The primary motivation for this proposal is to enhance the operational observability of Apache Pulsar topics by providing fundamental lifecycle metadata. Administrators, developers, and automated systems currently face significant challenges in managing topics at scale due to the absence of two key data points: when a topic was created and when it last received a message. This lack of information complicates several critical operational tasks.
This proposal aims to fill this observability gap by introducing dedicated, reliable timestamps for topic creation and last publish activity, thereby empowering users with the necessary tools for more sophisticated and automated management of their Pulsar deployments.

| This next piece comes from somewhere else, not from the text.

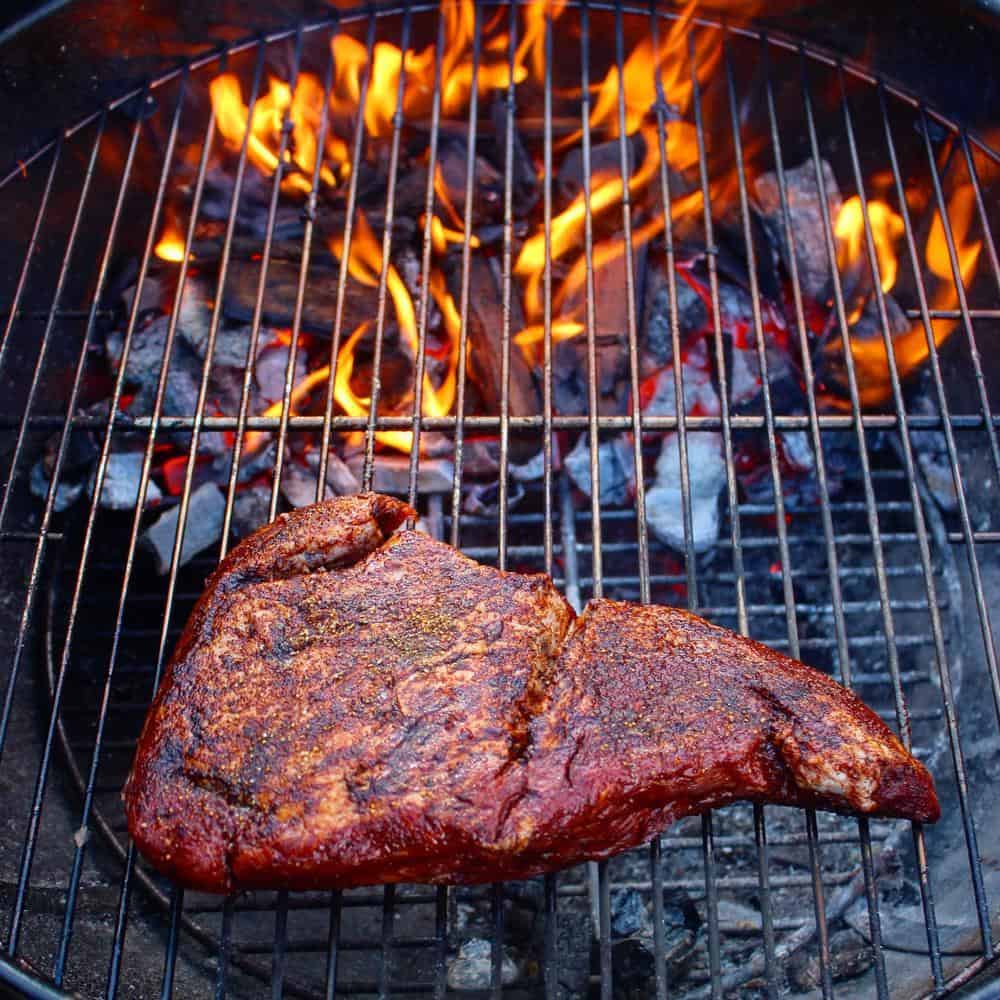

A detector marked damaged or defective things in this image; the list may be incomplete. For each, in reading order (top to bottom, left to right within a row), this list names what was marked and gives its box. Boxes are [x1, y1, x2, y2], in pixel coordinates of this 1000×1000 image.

charred wood chunk [752, 157, 840, 300]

This proposal introduces two new fields to the data structures that represent topic statistics. These fields will be exposed in the JSON response of the Admin API endpoints for both non-partitioned and partitioned topics
The new fields are defined as follows:
topicCreationTimeStamp
: A long value representing the UTC timestamp in epoch milliseconds when the topic was first durably created in the metadata store. This value is immutable for the lifetime of the topic.lastPublishTimeStamp
: A long value representing the UTC timestamp in epoch milliseconds corresponding to the publish_time field of the last message successfully persisted by the broker for this topic. This value is updated upon every successful message publication. If no message has ever been published to the topic, this field will return 0 Upon topic load (e.g., after a broker restart), this value will be recovered from the last entry in the managed ledger; until then, it may temporarily be 0.The implementation strategy for the two new fields is designed to balance durability, accuracy, and performance, leveraging existing Pulsar components and patterns to minimize complexity.

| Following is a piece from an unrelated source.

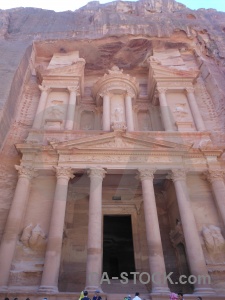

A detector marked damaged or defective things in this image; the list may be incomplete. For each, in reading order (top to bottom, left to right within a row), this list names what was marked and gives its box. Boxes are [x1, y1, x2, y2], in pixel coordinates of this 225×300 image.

broken pediment [49, 132, 192, 154]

The topicCreationTimeStamp is an intrinsic property of the metadata node (e.g., a z-node in ZooKeeper) that represents the topic‘s managed ledger. This timestamp is automatically recorded by the metadata store upon the node’s creation and is available for all topics, regardless of when they were created.
topicCreationTimeStamp
will be fetched asynchronously when the PersistentTopic object is initialized. The value will be cached in a long
field for immediate access during stats requests. This is a one-time operation per topic load that leverages the existing MetadataStore interface.The lastPublishTimeStamp must be updated on every message publish, a high-frequency operation. Persisting this value to the metadata store on every publish would introduce unacceptable latency and contention, creating a severe performance bottleneck. Therefore, a hybrid in-memory and durable-recovery approach is proposed.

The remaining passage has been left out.